§ TASK OBJECTIVE:
Your answer must be the records below, repeated exactly, with every picture left out.

§ DATASET:
-.-.-

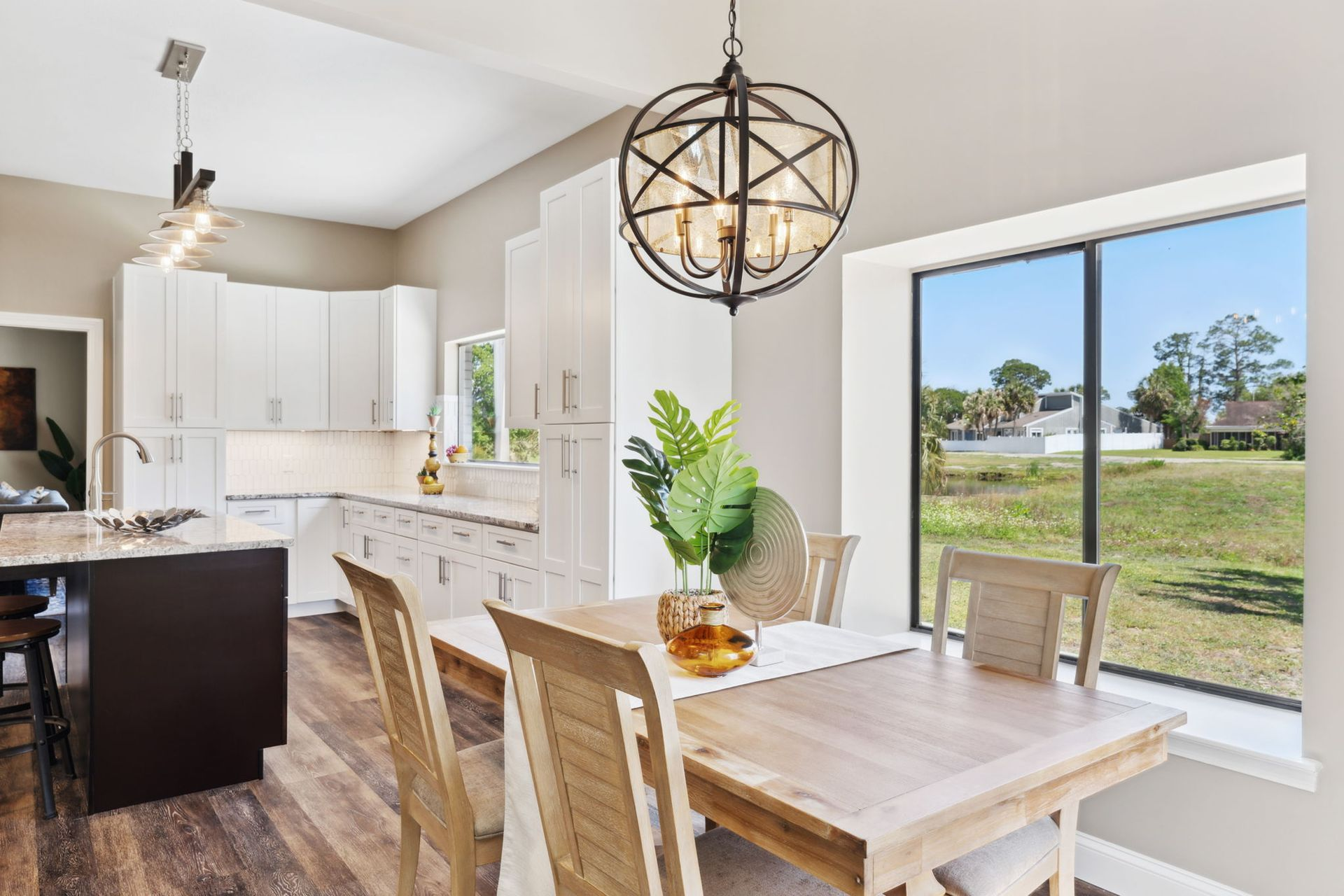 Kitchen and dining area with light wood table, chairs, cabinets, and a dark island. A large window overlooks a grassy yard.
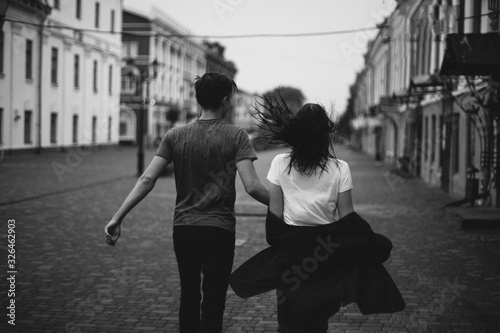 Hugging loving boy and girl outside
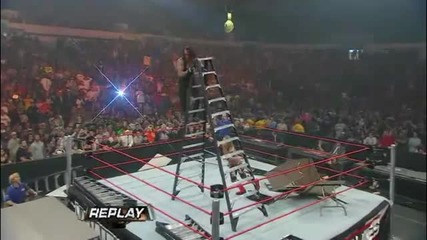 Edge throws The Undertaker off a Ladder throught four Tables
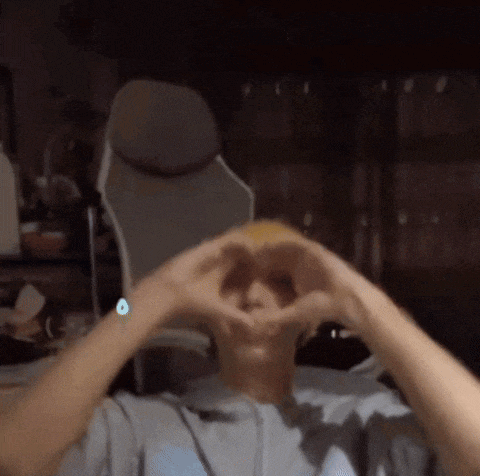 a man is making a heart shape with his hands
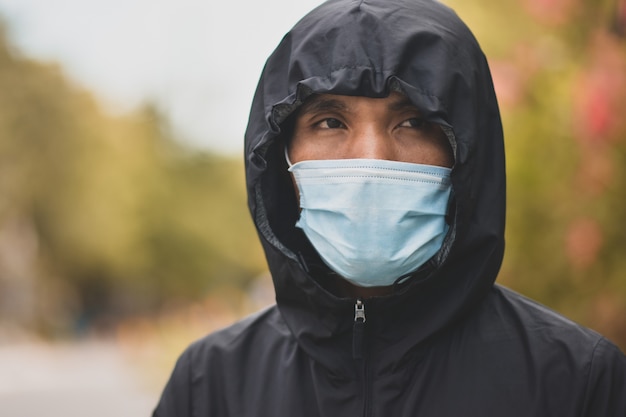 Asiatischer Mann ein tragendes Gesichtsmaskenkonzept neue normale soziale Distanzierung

-.-.-

§ RESULT:
 Kitchen and dining area with light wood table, chairs, cabinets, and a dark island. A large window overlooks a grassy yard.
 Hugging loving boy and girl outside
 Edge throws The Undertaker off a Ladder throught four Tables
 a man is making a heart shape with his hands
 Asiatischer Mann ein tragendes Gesichtsmaskenkonzept neue normale soziale Distanzierung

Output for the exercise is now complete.